Step 2: Initialize Sample Data¶
Let's create a helper function to add classes and populate the database:
@fdb.transactional
def add_class(tr, class_name):
"""Add a class with 100 available seats."""
tr[course.pack((class_name,))] = fdb.tuple.pack((100,))
# Generate sample class names
levels = ['intro', 'for dummies', 'remedial', '101', '201', '301', 'mastery', 'lab', 'seminar']
types = ['chem', 'bio', 'cs', 'geometry', 'calc', 'alg', 'film', 'music', 'art', 'dance']
times = [f'{h}:00' for h in range(9, 18)] # 9:00 to 17:00
class_combos = itertools.product(times, types, levels)
class_names = [' '.join(combo) for combo in class_combos]
@fdb.transactional
def init_database(tr):
"""Clear and reinitialize the database."""
del tr[scheduling.range(())] # Clear all scheduling data
for class_name in class_names:
add_class(tr, class_name)
# Initialize the database
init_database(db)
print(f"✓ Initialized database with {len(class_names)} classes")
Step 3: List Available Classes¶
Query all classes that have seats available:
@fdb.transactional
def available_classes(tr):
"""Return list of classes with available seats."""
available = []
for key, value in tr[course.range(())]:
class_name = course.unpack(key)[0]
seats_left = fdb.tuple.unpack(value)[0]
if seats_left > 0:
available.append((class_name, seats_left))
return available
# Show first 10 available classes
print("\nAvailable classes:")
for class_name, seats in available_classes(db)[:10]:
print(f" {class_name}: {seats} seats")
Step 4: Sign Up for a Class¶
Here's where transactions shine. We need to:
- Check if the student is already enrolled
- Check if seats are available
- Check if the student has too many classes (limit: 5)
- Decrement the seat count and record enrollment
All of this must happen atomically:
@fdb.transactional
def signup(tr, student_id, class_name):
"""Sign a student up for a class."""
# Build the attendance record key
rec = attends.pack((student_id, class_name))
# Check if already signed up
if tr[rec].present():
return "Already enrolled"
# Check seat availability
class_key = course.pack((class_name,))
seats_left = fdb.tuple.unpack(tr[class_key])[0]
if seats_left <= 0:
raise Exception("No seats available")
# Check student's current class count (max 5)
student_classes = list(tr[attends.range((student_id,))])
if len(student_classes) >= 5:
raise Exception("Too many classes (max 5)")

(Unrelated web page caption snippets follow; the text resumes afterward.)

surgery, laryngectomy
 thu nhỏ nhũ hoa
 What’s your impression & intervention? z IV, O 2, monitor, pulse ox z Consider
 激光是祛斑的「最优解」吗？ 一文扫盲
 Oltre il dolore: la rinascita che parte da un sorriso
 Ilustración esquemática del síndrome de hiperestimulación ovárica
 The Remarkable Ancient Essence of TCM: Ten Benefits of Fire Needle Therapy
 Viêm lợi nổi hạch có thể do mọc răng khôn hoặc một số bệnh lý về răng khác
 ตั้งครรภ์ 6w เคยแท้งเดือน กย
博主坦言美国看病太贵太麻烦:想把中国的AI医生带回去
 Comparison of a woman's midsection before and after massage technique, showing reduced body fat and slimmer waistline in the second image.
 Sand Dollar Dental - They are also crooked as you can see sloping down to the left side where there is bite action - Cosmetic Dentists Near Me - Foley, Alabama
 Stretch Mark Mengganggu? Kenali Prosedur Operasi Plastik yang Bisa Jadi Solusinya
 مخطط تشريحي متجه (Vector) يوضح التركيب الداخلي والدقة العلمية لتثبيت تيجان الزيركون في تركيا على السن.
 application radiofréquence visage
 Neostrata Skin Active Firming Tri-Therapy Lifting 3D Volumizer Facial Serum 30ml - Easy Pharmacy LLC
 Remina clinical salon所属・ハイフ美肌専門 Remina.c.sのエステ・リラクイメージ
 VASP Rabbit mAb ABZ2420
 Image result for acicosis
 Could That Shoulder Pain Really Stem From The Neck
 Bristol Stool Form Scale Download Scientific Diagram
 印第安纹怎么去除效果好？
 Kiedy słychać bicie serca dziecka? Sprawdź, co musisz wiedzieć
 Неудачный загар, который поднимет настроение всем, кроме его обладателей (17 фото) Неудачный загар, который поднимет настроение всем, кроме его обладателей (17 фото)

# All checks passed - enroll the student
tr[class_key] = fdb.tuple.pack((seats_left - 1,))
tr[rec] = b''
return "Enrolled successfully"
Transaction Guarantees
If two students try to take the last seat simultaneously, FoundationDB's serializable isolation ensures only one succeeds. The other transaction automatically retries and sees "No seats available."
Step 5: Drop a Class¶
Dropping is the reverse of signup:
@fdb.transactional
def drop(tr, student_id, class_name):
"""Drop a student from a class."""
rec = attends.pack((student_id, class_name))
# Check if actually enrolled
if not tr[rec].present():
return "Not enrolled in this class"
# Remove enrollment and free up the seat
class_key = course.pack((class_name,))
seats_left = fdb.tuple.unpack(tr[class_key])[0]
tr[class_key] = fdb.tuple.pack((seats_left + 1,))
del tr[rec]
return "Dropped successfully"
Step 6: Switch Classes Atomically¶
Here's the power of transaction composition. Switching from one class to another needs to be atomic—if the new class is full, we shouldn't drop the old one:
@fdb.transactional
def switch(tr, student_id, old_class, new_class):
"""Switch a student from one class to another atomically."""
drop(tr, student_id, old_class)
signup(tr, student_id, new_class)
return f"Switched from '{old_class}' to '{new_class}'"
Composable Transactions
Because drop and signup accept a transaction parameter, they share the same transaction when called from switch. Either both succeed or neither does.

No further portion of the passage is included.